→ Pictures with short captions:
· · · ·
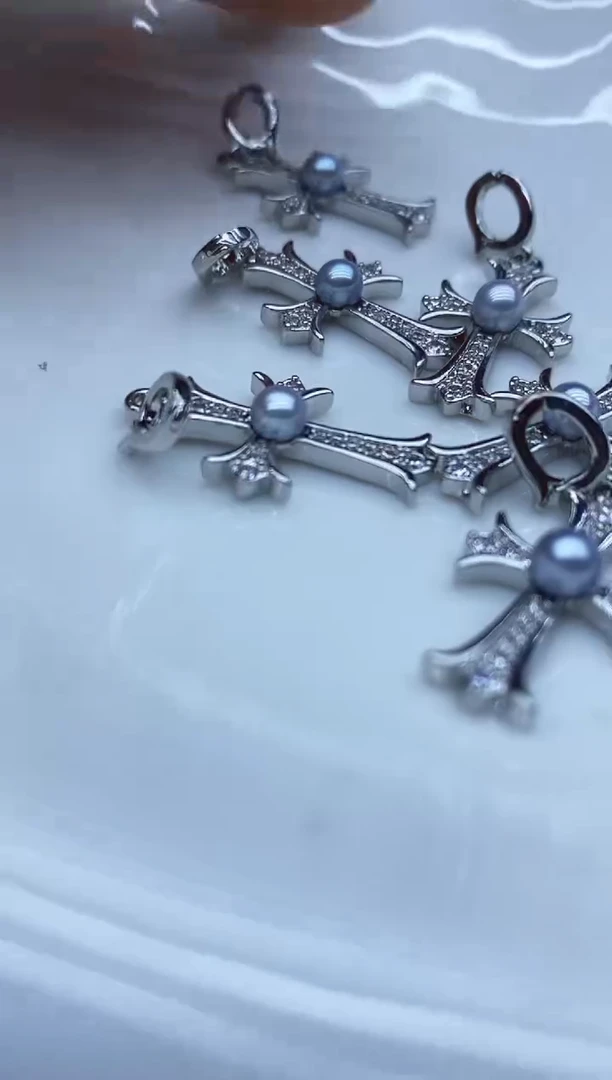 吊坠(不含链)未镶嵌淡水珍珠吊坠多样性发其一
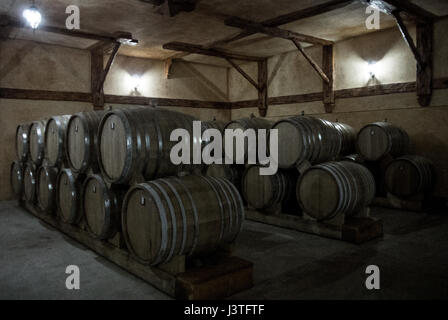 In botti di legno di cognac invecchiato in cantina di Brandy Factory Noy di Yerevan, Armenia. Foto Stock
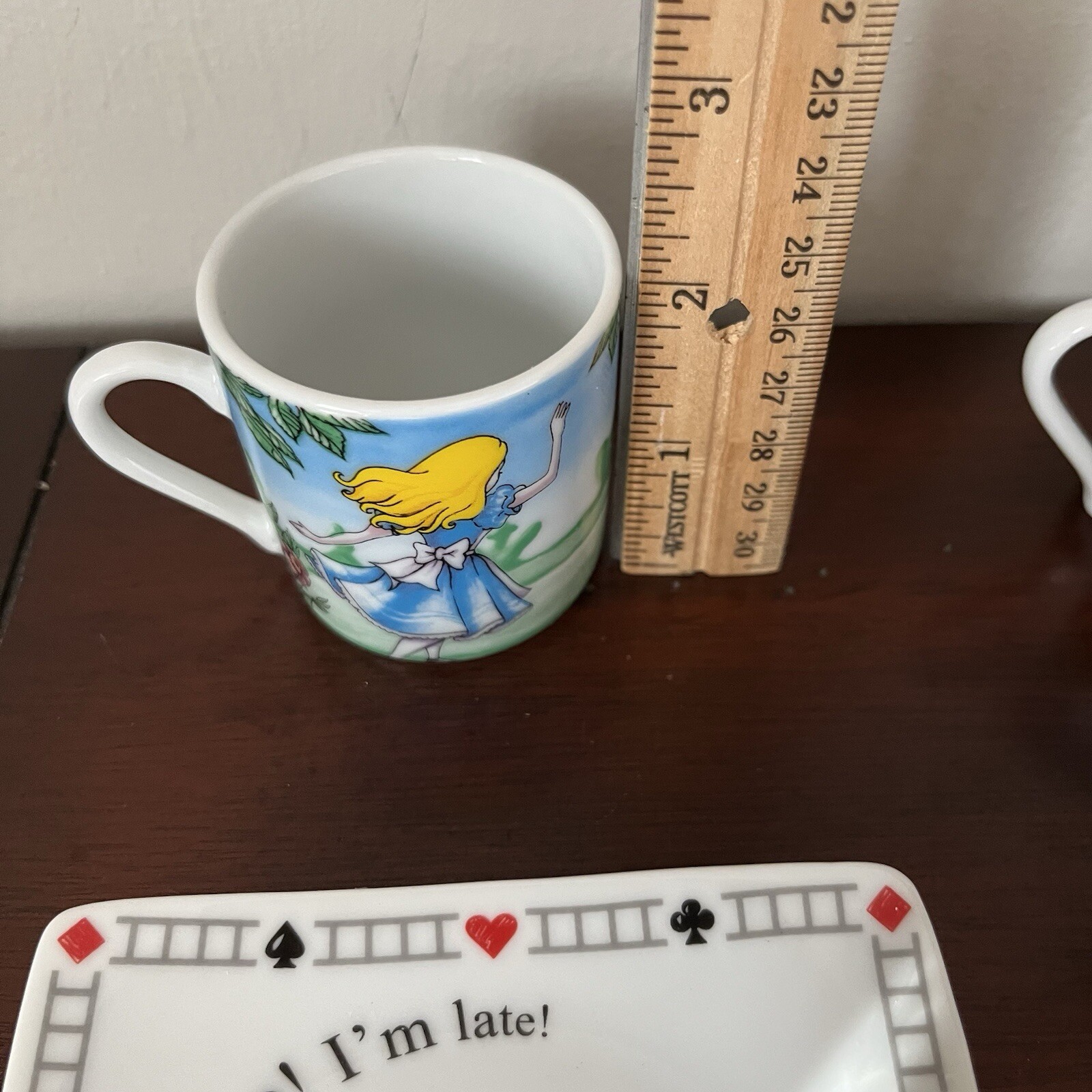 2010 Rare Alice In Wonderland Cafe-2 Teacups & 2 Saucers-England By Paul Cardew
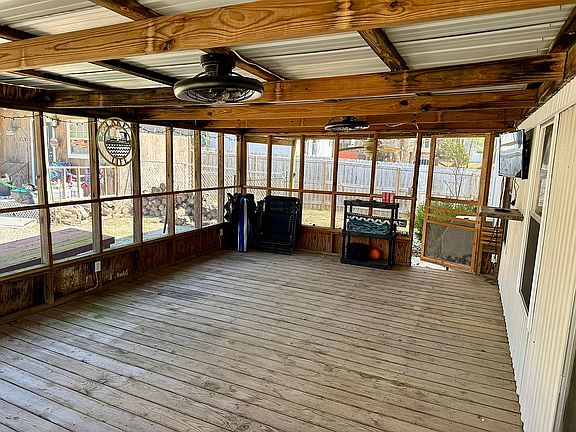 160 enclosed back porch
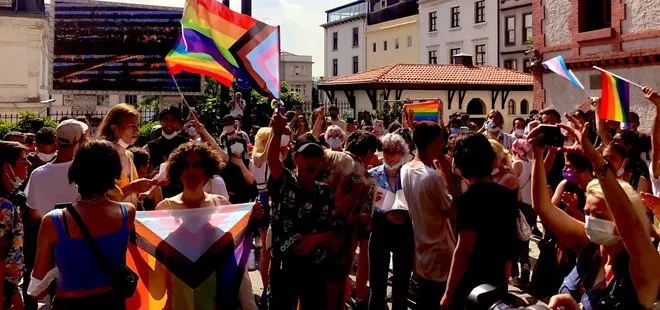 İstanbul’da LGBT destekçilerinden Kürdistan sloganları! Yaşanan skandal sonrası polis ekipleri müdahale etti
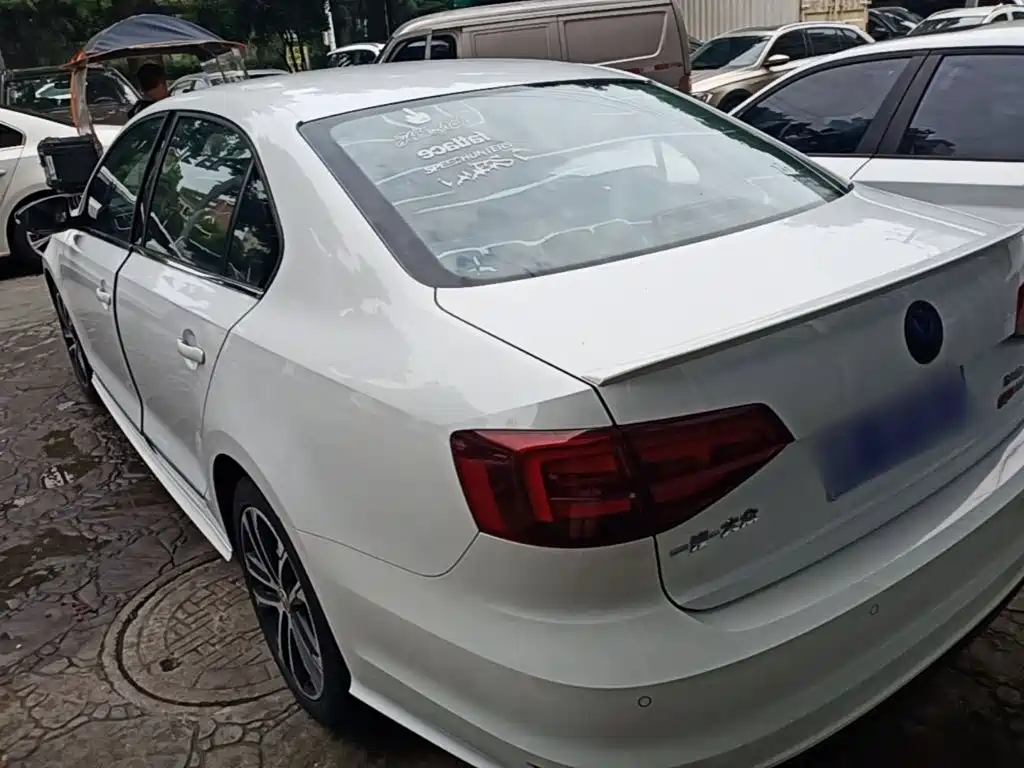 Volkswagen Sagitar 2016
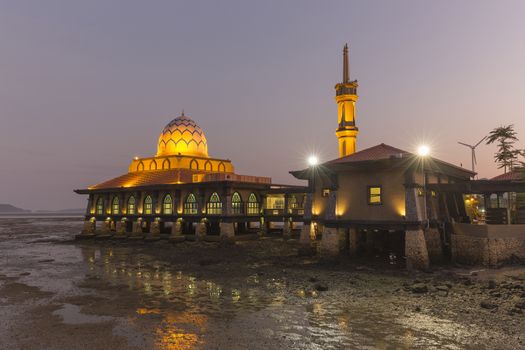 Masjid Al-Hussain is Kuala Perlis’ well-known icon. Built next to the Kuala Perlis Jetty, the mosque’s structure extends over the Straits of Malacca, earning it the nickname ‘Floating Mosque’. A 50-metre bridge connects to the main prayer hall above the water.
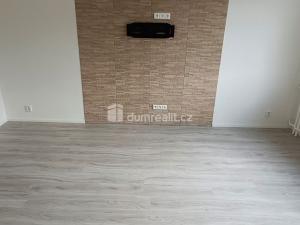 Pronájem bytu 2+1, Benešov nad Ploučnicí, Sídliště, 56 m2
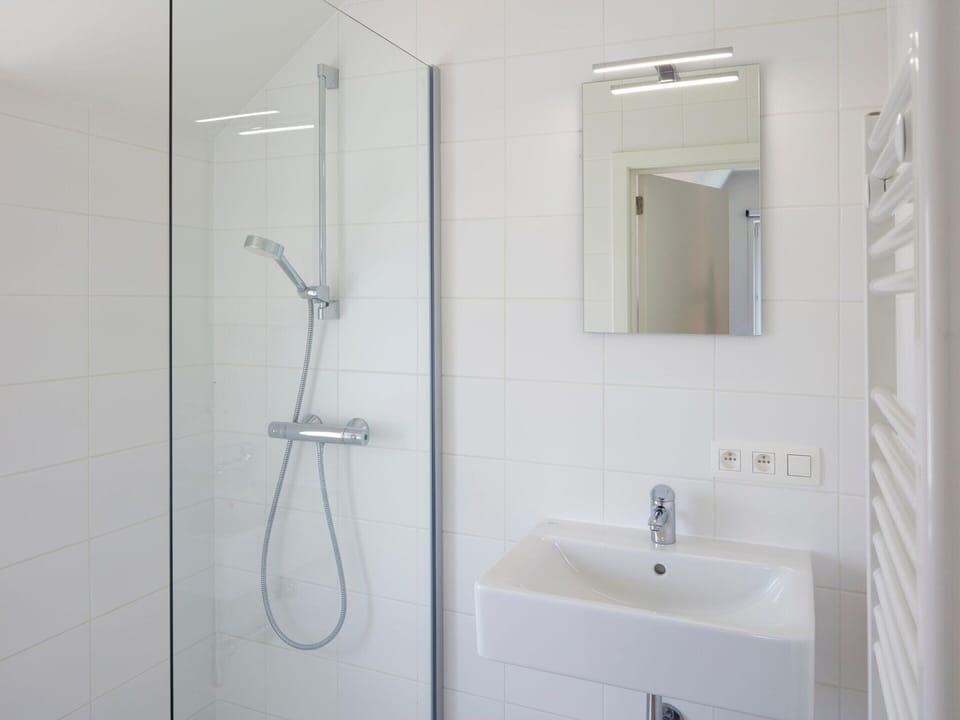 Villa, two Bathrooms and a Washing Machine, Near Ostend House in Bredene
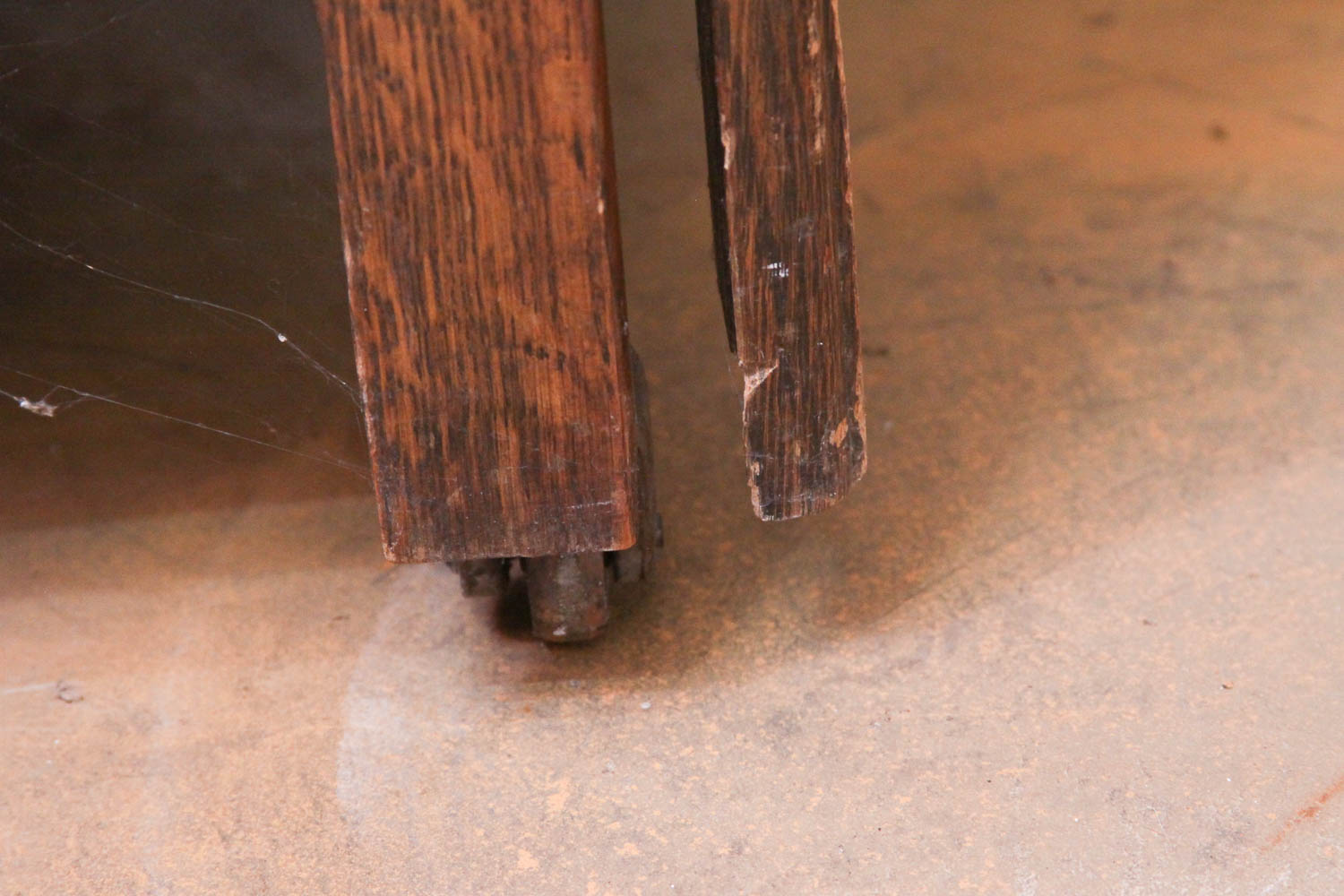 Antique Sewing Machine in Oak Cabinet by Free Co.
· · · ·
→ How to complete this task: From the records above, copy exactly the stretch from the line holding "160 enclosed back porch" through the line holding "Volkswagen Sagitar 2016", both ends included, without the pictures.

→ Written response:
 160 enclosed back porch
 İstanbul’da LGBT destekçilerinden Kürdistan sloganları! Yaşanan skandal sonrası polis ekipleri müdahale etti
 Volkswagen Sagitar 2016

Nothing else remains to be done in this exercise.